The low end of the Chromebook market is well-served, partly because Chromebooks do best in the cash-strapped education market and because the simplicity (and limitations) of ChromeOS are a better fit for budget hardware. For people who want something high-end, there’s always the $999 Chromebook Pixel, but that leaves a big space in between for people who want to make something that looks and feels nice but doesn’t cost a ton.

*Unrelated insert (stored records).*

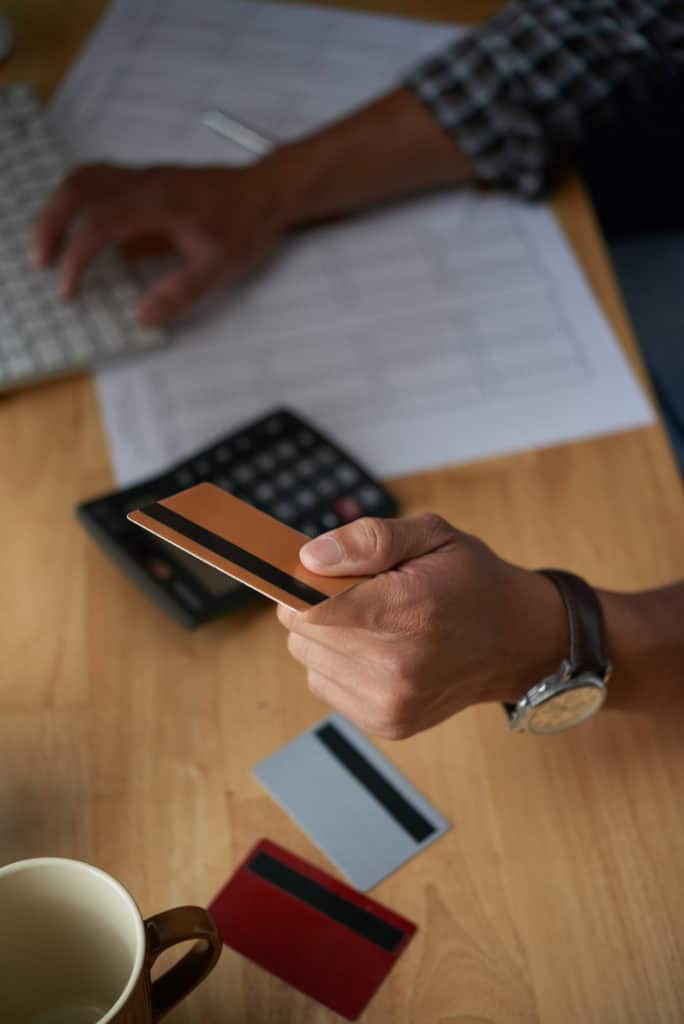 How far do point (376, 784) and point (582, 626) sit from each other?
145 mm

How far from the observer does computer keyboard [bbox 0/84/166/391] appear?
2.80 ft

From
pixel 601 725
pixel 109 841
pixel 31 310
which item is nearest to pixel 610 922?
pixel 601 725

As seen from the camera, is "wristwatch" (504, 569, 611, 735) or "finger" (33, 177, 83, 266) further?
"finger" (33, 177, 83, 266)

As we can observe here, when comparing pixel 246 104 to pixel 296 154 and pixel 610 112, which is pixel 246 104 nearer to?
pixel 296 154

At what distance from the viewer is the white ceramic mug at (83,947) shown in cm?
47

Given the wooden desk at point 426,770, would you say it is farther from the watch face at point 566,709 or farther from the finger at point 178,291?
the finger at point 178,291

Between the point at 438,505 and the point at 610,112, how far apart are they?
46cm

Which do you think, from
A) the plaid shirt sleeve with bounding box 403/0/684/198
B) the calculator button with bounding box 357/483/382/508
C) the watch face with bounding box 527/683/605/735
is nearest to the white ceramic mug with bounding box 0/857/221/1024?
the watch face with bounding box 527/683/605/735

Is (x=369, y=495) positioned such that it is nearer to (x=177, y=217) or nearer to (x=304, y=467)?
(x=304, y=467)

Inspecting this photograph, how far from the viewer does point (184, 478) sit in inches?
30.3

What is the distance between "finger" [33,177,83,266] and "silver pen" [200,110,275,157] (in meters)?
0.18

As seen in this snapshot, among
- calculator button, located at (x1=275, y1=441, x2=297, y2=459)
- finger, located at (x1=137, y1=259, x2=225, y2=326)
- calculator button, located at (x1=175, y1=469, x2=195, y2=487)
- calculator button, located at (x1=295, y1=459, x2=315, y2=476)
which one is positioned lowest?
calculator button, located at (x1=295, y1=459, x2=315, y2=476)

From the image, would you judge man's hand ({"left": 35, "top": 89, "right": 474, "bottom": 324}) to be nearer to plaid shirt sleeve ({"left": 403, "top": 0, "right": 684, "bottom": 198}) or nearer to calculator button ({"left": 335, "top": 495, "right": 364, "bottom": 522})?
plaid shirt sleeve ({"left": 403, "top": 0, "right": 684, "bottom": 198})

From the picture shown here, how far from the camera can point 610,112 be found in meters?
1.02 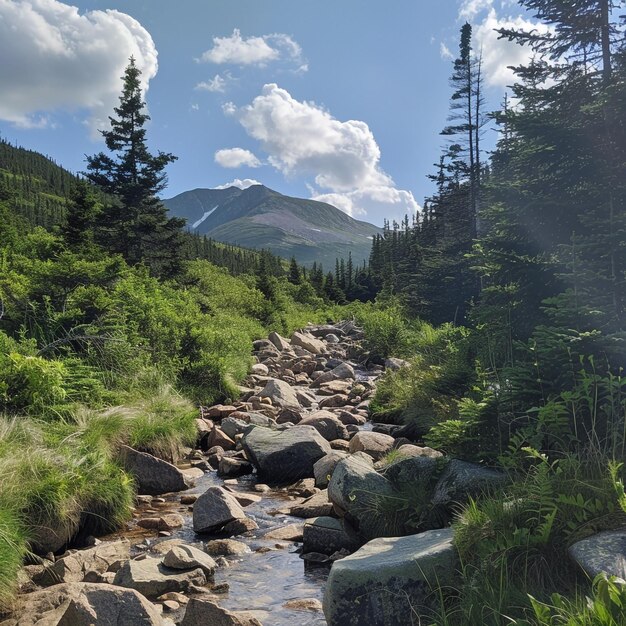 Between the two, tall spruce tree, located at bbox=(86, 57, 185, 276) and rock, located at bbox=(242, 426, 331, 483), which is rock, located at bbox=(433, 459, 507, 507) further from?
tall spruce tree, located at bbox=(86, 57, 185, 276)

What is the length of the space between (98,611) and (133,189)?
75.5 ft

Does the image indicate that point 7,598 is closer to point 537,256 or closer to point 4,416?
point 4,416

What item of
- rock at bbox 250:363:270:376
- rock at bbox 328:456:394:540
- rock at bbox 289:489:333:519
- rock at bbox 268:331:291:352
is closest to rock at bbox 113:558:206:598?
rock at bbox 328:456:394:540

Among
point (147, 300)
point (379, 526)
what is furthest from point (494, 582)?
point (147, 300)

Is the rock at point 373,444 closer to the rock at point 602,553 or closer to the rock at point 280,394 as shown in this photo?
the rock at point 280,394

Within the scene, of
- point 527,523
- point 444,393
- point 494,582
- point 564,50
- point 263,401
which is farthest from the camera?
point 263,401

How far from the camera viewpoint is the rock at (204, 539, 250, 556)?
5668 millimetres

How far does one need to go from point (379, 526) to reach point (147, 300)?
9.26 metres

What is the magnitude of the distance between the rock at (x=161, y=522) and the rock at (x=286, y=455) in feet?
6.67

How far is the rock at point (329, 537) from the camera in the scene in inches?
220

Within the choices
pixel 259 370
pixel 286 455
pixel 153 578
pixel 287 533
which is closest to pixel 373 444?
pixel 286 455

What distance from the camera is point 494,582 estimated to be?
10.8 ft

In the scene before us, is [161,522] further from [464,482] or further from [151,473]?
[464,482]

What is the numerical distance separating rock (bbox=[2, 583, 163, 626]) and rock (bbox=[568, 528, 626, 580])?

Certainly, there have been efforts. The Toshiba Chromebook 2 had a gorgeous 1080p IPS screen but a relatively weak Intel CPU. Dell’s Chromebook 13 is solidly mid-range, though the best features (including a 1080p screen, faster chips, and more RAM) are reserved for the higher-end models. And now there’s the HP Chromebook 13, which is merely a decent Chromebook at its $499 starting price but a full-on Chromebook Pixel competitor if you’re willing to pay more.

At $499, you get a 13.3-inch 1080p screen, a Skylake-based 1.5GHz Pentium 4405Y (which despite its name is a relative to the low-power Core M), 4GB of 1866MHz DDR3 RAM, and a 1080p screen, which isn’t bad for the price. A Core M-derived Pentium is still going to deliver stronger performance (particularly in the single-threaded CPU and the graphics departments) than the Atom-derived Celerons and Pentiums that ship in many low-end Chromebooks.